In the time I’ve spent working for an accounting firm, there’s a regular occurrence that happens around here. A client calls to tell us about a big decision he’s just made but is running into some snags. Let’s call this client Harold. Harold has gone off and made a big purchase, without talking to his CPA first. Now of course Harold has every right to do that, but this time it’s lead him down a path of it having some not so great tax implications. If only dear ole’ Harold had reached out to his CPA BEFORE, he may have had a different story.

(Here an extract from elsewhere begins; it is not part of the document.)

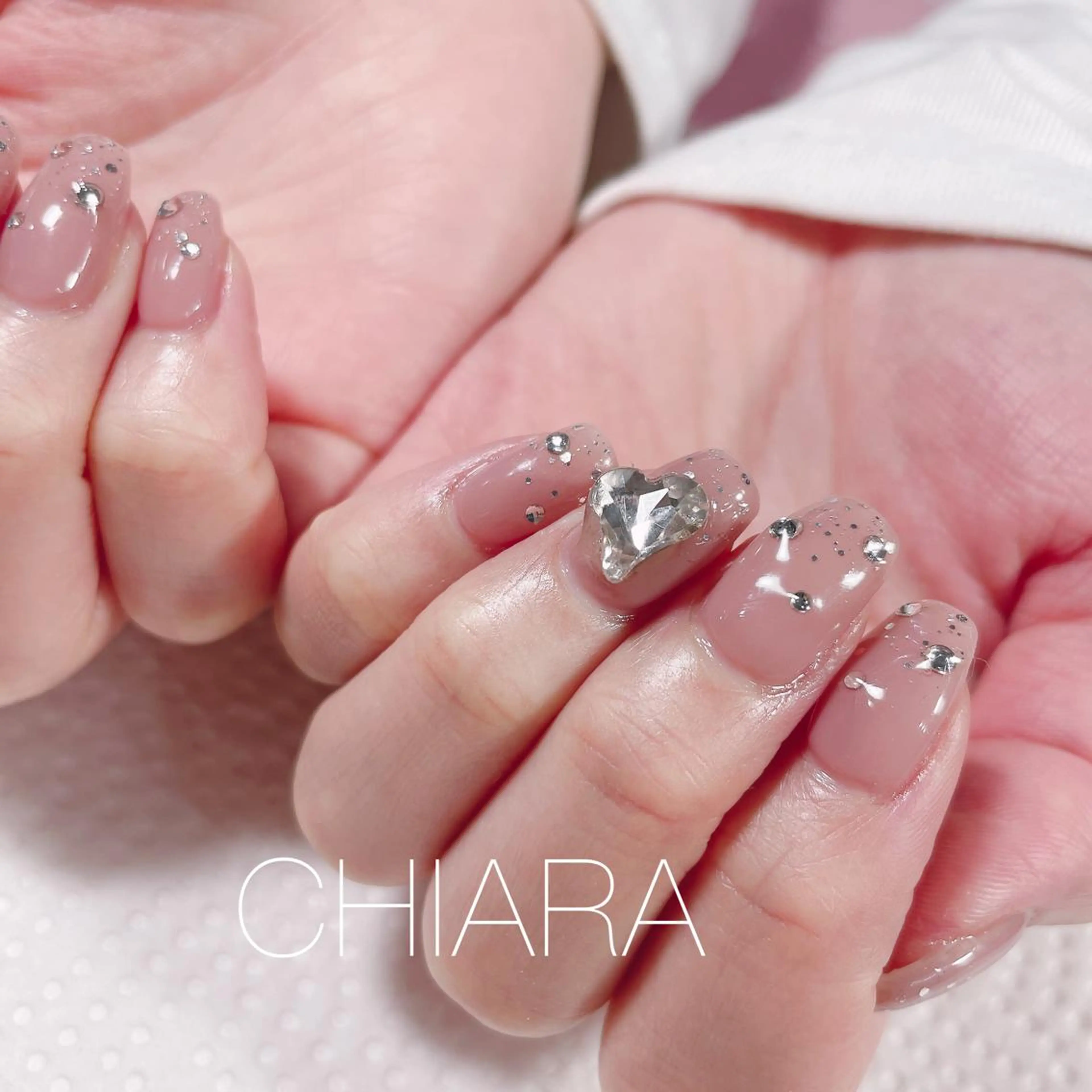 ネイル ハート CHIARA nailsのネイルデザイン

It’s because of clients like good ole’ Harold that Dan Myers wanted to start a company like Kuberneo CPA in the first place. I remember him telling me pretty early on that in the past he just did clients’ tax returns and would see places where he could have helped if only he’d had the chance the previous year, but alas, here he was doing the return so it’s too late. Dan wanted to get into a position of being able to offer strategy to his clients to help make smart tax moves…thus Kuberneo CPA was born.

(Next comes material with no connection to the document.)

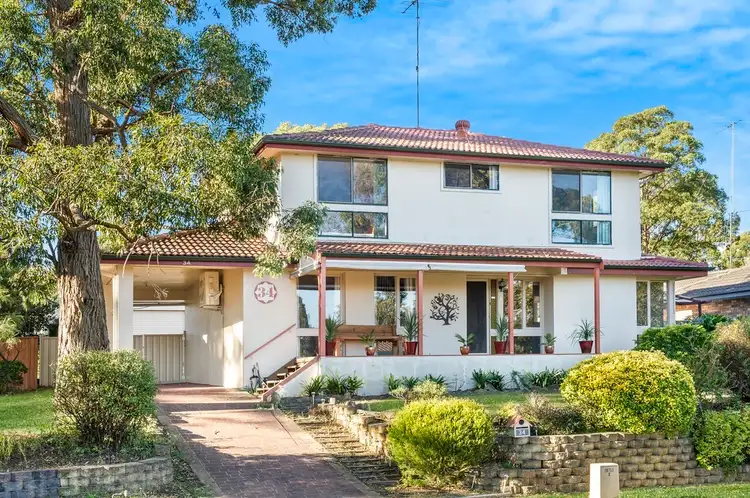 34 Pinaroo Crescent, Bradbury NSW 2560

Never fear future Harolds, I have made a BEFORE list for you. In addition to asking your financial planner, it’s a good idea to meet up with your CPA BEFORE making moves in a lot of these areas. Just taking the time to have the conversation could save you a lot of money, effort and heartache.
- Before starting the home buying process
- Before deciding what to contribute to your retirement account or making changes to your retirement account ESPECIALLY withdrawing money early
- Before setting up a college savings plan
- Before setting up a business on your own
- Before changing your business’ structure
- Before creating partnerships with foreign entities
- Before moving your business to another state or country
- Before hiring an employee
- Before hiring a subcontractor
- Before paying off a loan (especially your mortgage)
- Before selling a rental property or business asset
- Before making big purchases
- Before making an optional job change
- Before going to a donut shop alone, without asking your accounting staff if they’d like anything
Hey Harold, you still with me? It’s not that your CPA will tell you “no” regarding a big decision, but they can offer critical information for the decision making process and may be able to offer strategies or alternate options that can help you achieve your goals while minimizing taxes. One more quick note- in general, it’s a good idea to set up a meeting with your CPA sometime between October-December if you haven’t been checking in with them throughout the year. This allows time to implement tax saving strategies, before the end of the year.
BEFORE you end up like Harold, be sure to take the time to ask yourself, “Should I set up a meeting with my CPA to discuss this first?” and “When am I bringing Bethany a donut?”